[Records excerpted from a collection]

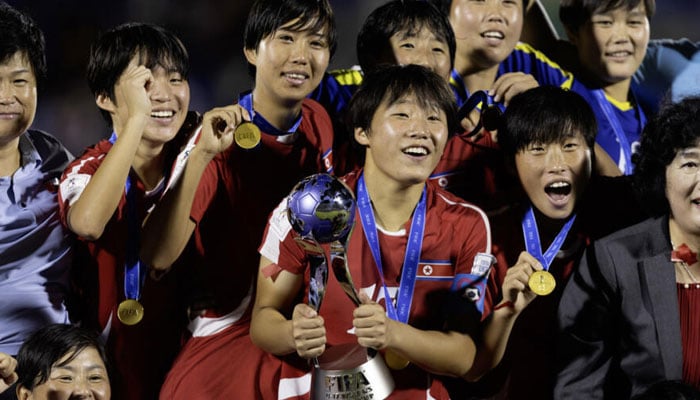 North Korea players celebrate after winning the U17 Womens World Cup a week ago. — AFP/File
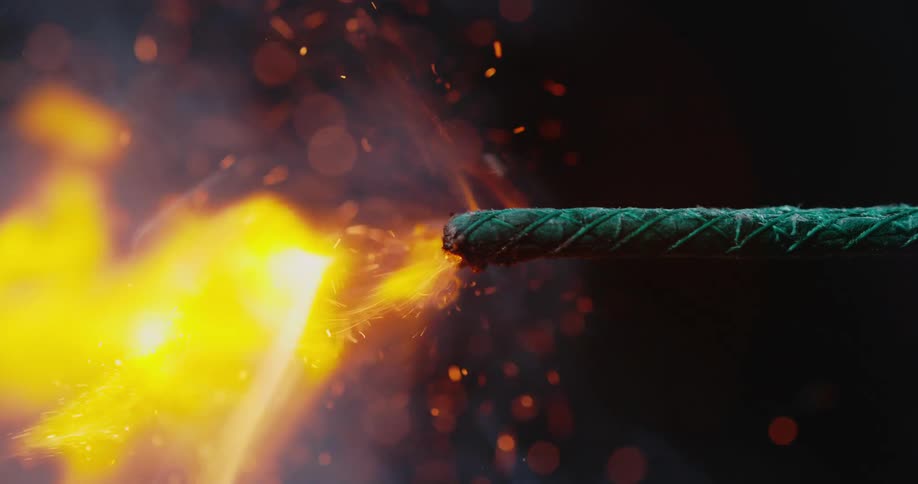 Close up of a match lighting a firework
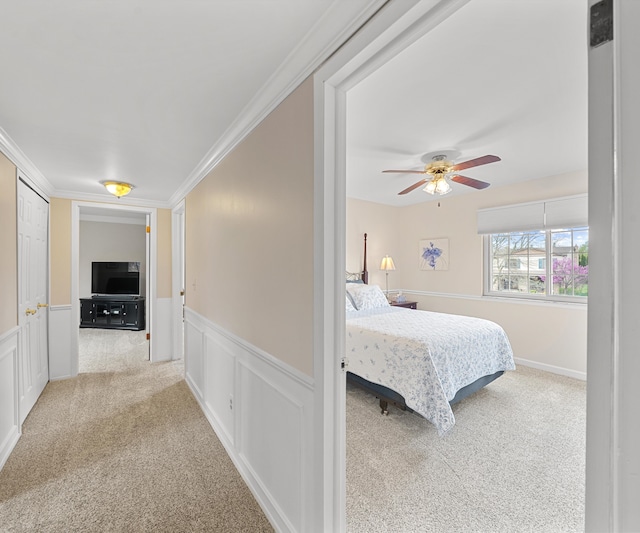 bedroom featuring ornamental molding, carpet, a ceiling fan, and wainscoting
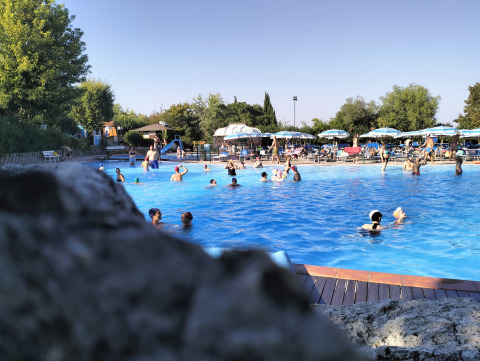 Drukbezocht zwembad bij Centro Vacanze San Marino met zwemmers en ligzetels onder blauwe parasols.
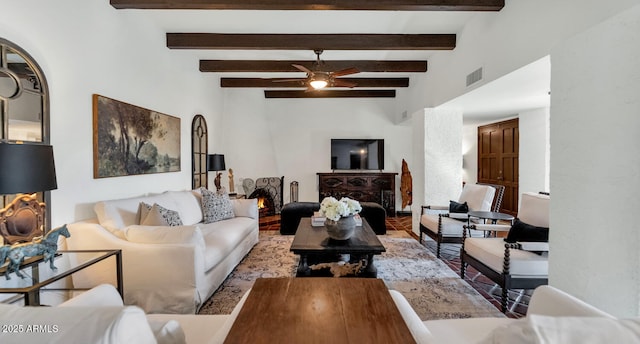 living room with ceiling fan, a large fireplace, and beamed ceiling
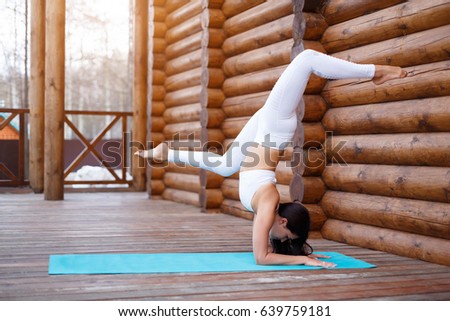 Young fitness indian woman practicing yoga on wooden terrace in the background. Wellness concept. Handstand pose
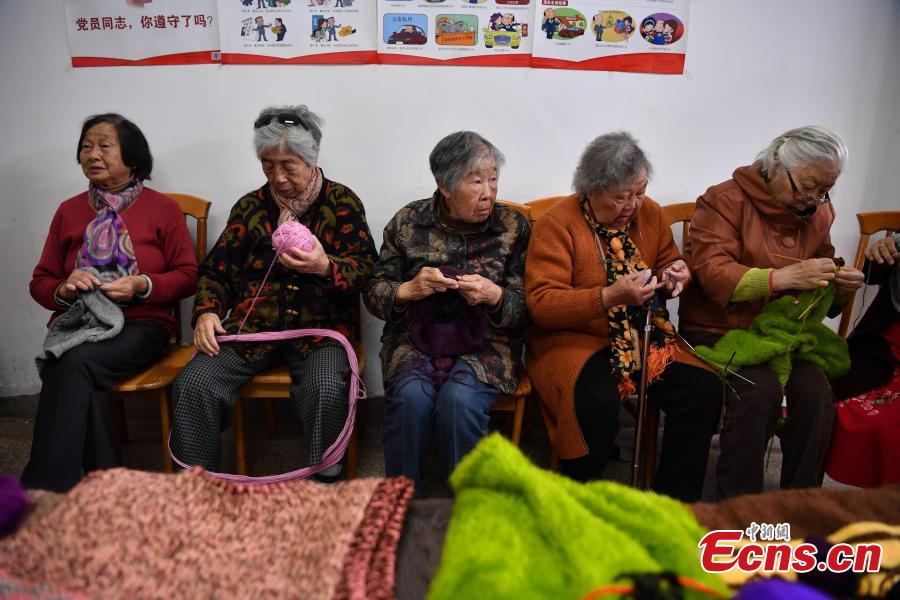 Old ladies knit sweaters for children in poor areas in Kunming, Southwest China’s Yunnan province on November 1, 2018. The ladies, who are retirees of a local hospital, formed a knitting club to make and send out cozy sweaters for the needy. A total of 19 knitters, whose average age is 75, have worked tirelessly in the past nine months, knitting 184 warm sweaters in their spare time for needy children in a village in Qiaojia county of the province. (Photo: China News Service/ Liu Ranyang)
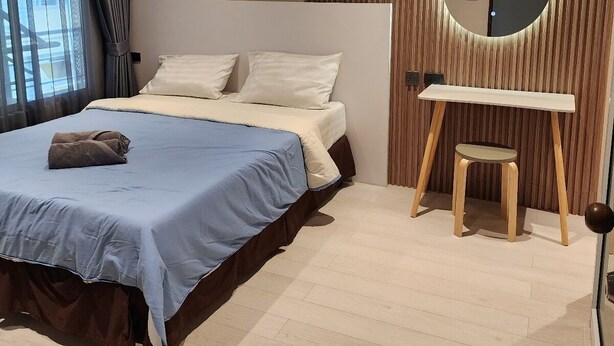 A modern bedroom with a large bed, a bedside table, a mirror, and a view of the outdoors. - B & B Patong Beach House (Patong)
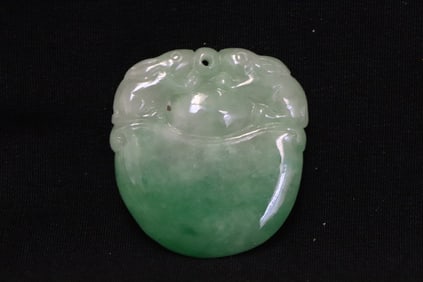 A jadeite carved pendant in the form of fruit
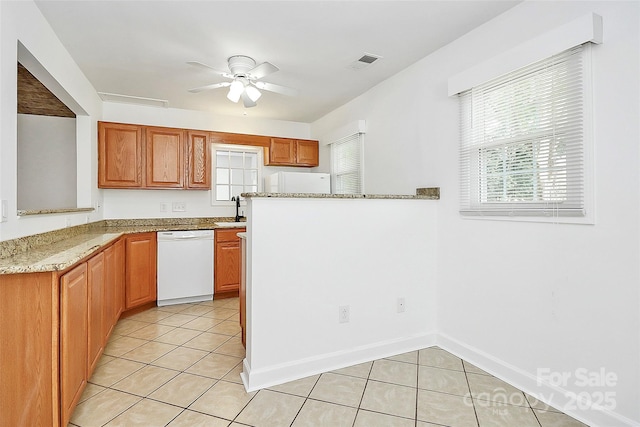 8062 Knights Bridge Rd, Charlotte, NC 28210 - kitchen featuring white dishwasher, ceiling fan, light tile patterned floors, and light stone counters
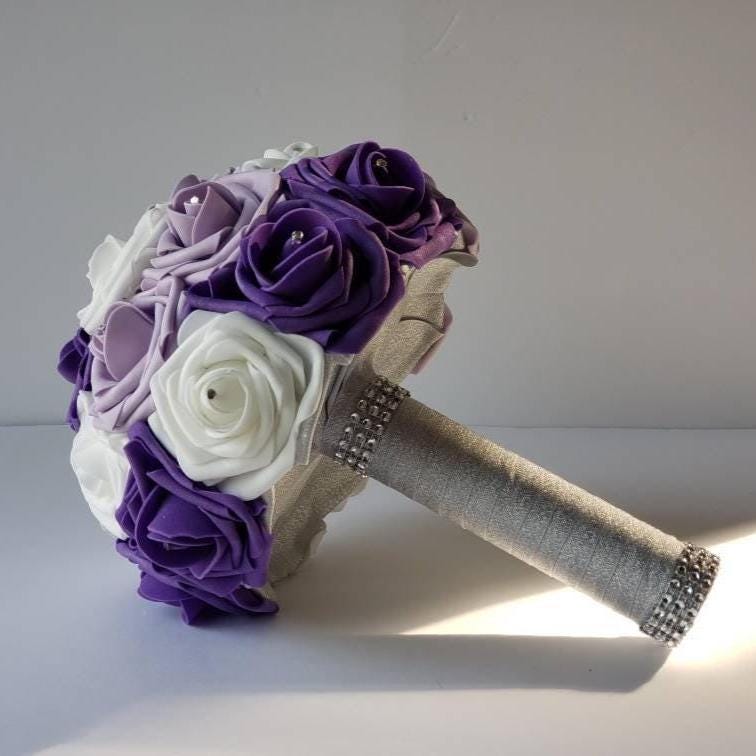 A purple, lavender, and white silk flower bridal bouquet with a silver handle and rhinestones.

Required work | Verbatim copy, pictures excluded: output the lines from the first line of the records above through the line containing "Young fitness indian".

Exercise output |
 North Korea players celebrate after winning the U17 Womens World Cup a week ago. — AFP/File
 Close up of a match lighting a firework
 bedroom featuring ornamental molding, carpet, a ceiling fan, and wainscoting
 Drukbezocht zwembad bij Centro Vacanze San Marino met zwemmers en ligzetels onder blauwe parasols.
 living room with ceiling fan, a large fireplace, and beamed ceiling
 Young fitness indian woman practicing yoga on wooden terrace in the background. Wellness concept. Handstand pose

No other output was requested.